The paper tackles the problem of interpretable image recognition by introducing a model that uses hierarchically organized prototypes to classify objects at every level of a predefined taxonomy, enabling distinct explanations for predictions at each level and interpretable classification of unseen classes. The model performs approximately as well as a black-box counterpart on tasks involving familiar and unseen classes from a subset of ImageNet.

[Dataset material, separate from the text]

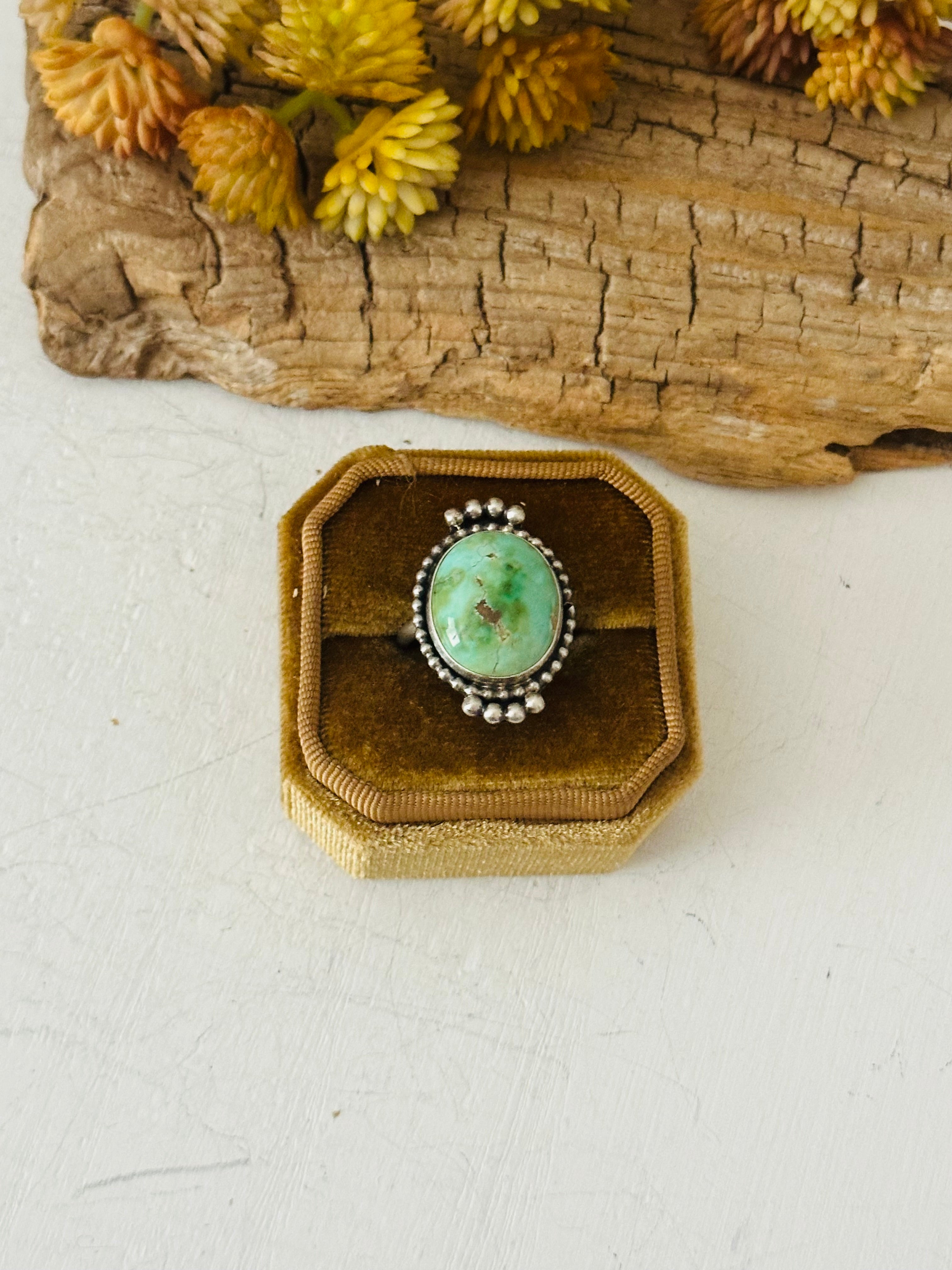 Navajo Made Turquoise & Sterling Silver Ring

Vision models are interpretable when they classify objects on the basis of features that a person can directly understand. Recently, methods relying on visual feature prototypes have been developed for this purpose. However, in contrast to how humans categorize objects, these approaches have not yet made use of any taxonomical organization of class labels. With such an approach, for instance, we may see why a chimpanzee is classified as a chimpanzee, but not why it was considered to be a primate or even an animal. In this work we introduce a model that uses hierarchically organized prototypes to classify objects at every level in a predefined taxonomy. Hence, we may find distinct explanations for the prediction an image receives at each level of the taxonomy. The hierarchical prototypes enable the model to perform another important task: interpretably classifying images from previously unseen classes at the level of the taxonomy to which they correctly relate, e.g. classifying a hand gun as a weapon, when the only weapons in the training data are rifles. With a subset of ImageNet, we test our model against its counterpart black-box model on two tasks: 1) classification of data from familiar classes, and 2) classification of data from previously unseen classes at the appropriate level in the taxonomy. We find that our model performs approximately as well as its counterpart black-box model while allowing for each classification to be interpreted.